Captain Duellos looked down and grimaced. “The lesson of those four ships was a powerful one. No matter what lies Numos encourages, everyone will remember that you were right to warn those ships off and to avoid chasing pell-mell after a few Syndic HuKs.”
Geary couldn’t help a snort of derision. “You’d think being right would gain me a little more credit than that. What do you think? Will everyone follow my orders when we approach the fifth planet?”
“At this point, yes.”
“Do you have any idea where that nonsense about Co-President Rione came from?”
Duellos looked mildly surprised. “I assumed you two were on friendly terms, but even if you’re extremely friendly, it’s no affair of mine. Co-President Rione is not an officer or sailor under your command, and a personal relationship with her has no bearing on your performance in command.”
Geary stared for a moment, then laughed. “Personal relationship? With Co-President Rione?”
This time Duellos shrugged. “Scuttlebutt declares that you spend time together alone.”
“For conferences! I need her advice.” Geary laughed again. “By our ancestors, Victoria Rione doesn’t like me at all! She makes no bones about it. I frighten her because she worries I’ll turn into Black Jack Geary at any moment and sail this fleet home to depose the elected leaders of the Alliance and become god-emperor or something.”
“Co-President Rione is a shrewd and intelligent woman,” Duellos observed with absolute seriousness. “She’s told you she doesn’t like you?”
“Yes! She-” Come to think of it, Rione had several times expressed distrust of Geary, but he couldn’t remember at the moment her ever saying she didn’t like him. “Yeah, I think so.”
Duellos shrugged again. “Whether she does or not makes no difference. I say once more, she is not your subordinate, not in the military at all, and any personal relationship with her is perfectly appropriate. Should one occur.”
Geary couldn’t help a third laugh as he bade farewell to Captain Duellos, but as he began to leave the room, he paused in thought. Surely Rione’s spies in the fleet had reported to her the rumors about a relationship between her and Geary. Why hadn’t Rione told him of those rumors when she’d spoken of the other rumors?

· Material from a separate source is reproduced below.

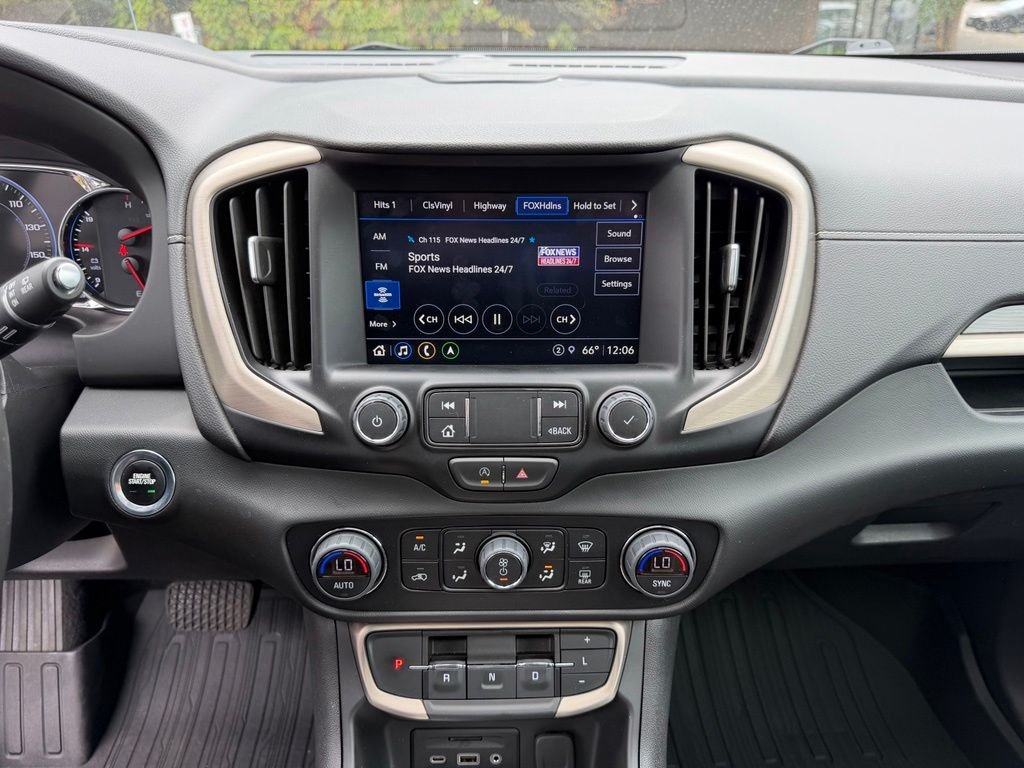 Used 2022 Ebony Twilight Metallic GMC Denali image 22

Could the iron politician he’d dealt with actually be embarrassed by the rumors? But if so, why had she continued visiting him?
Geary leaned one arm against the bulkhead for a moment, staring at the deck, remembering the first days after he was revived from the survival sleep that had kept him alive for a century, a span of time in which everyone in his life had died in battle or of old age. The shock of learning that everyone he had once known and loved, men and women, were long dead had led him to wall off the idea of new relationships. The ice that had once filled him seemed almost gone, but it still occupied that one place, afraid to retreat and let warmth grow again.
He’d lost everyone once. It could happen again. He didn’t want it to hurt so much the next time.
TWO
THE fifth planet looked like exactly the sort of place made for a Syndic labor camp. Too far from its sun to ever know a true summer, most of the world seemed to be featureless fields of tundra that on rare occasions ran into bare, jagged mountain ranges rising like islands from the sea of low, tough vegetation. Glaciers extending from the poles appeared to hold a good portion of the planet’s water, with only shallow, small seas dotting the areas not covered by ice. Looking at the dismal place, Geary didn’t have any trouble understanding why Sutrah hadn’t been deemed worthy of the expense of a hypernet gate. Unless the fourth planet was an absolute paradise, which it certainly wasn’t since it was a shade too close to its sun and probably unpleasantly warm. Sutrah was just the sort of place that had ceased to matter when the Syndic hypernet was created.
Once, using the system jump drives that could take ships from star to star, anyone going anywhere had to traverse all of the star systems in between. Every one of those systems was guaranteed a certain amount of traffic passing through en route to other destinations. But the hypernet allowed ships to go directly from one star to another, no matter how far the distance between them. Without the ships passing through, and without any particular value other than as the homes of people who had suddenly found themselves living in nowhere, the systems off the hypernet were slowly dying, with everyone who could migrate moving to hypernet-linked systems. The human communities on the fifth planet of Sutrah were fading even faster than usual. Judging from what the Alliance sensors could see, fully two-thirds of the former habitations on the world were now vacant, showing no signs of heating or activity.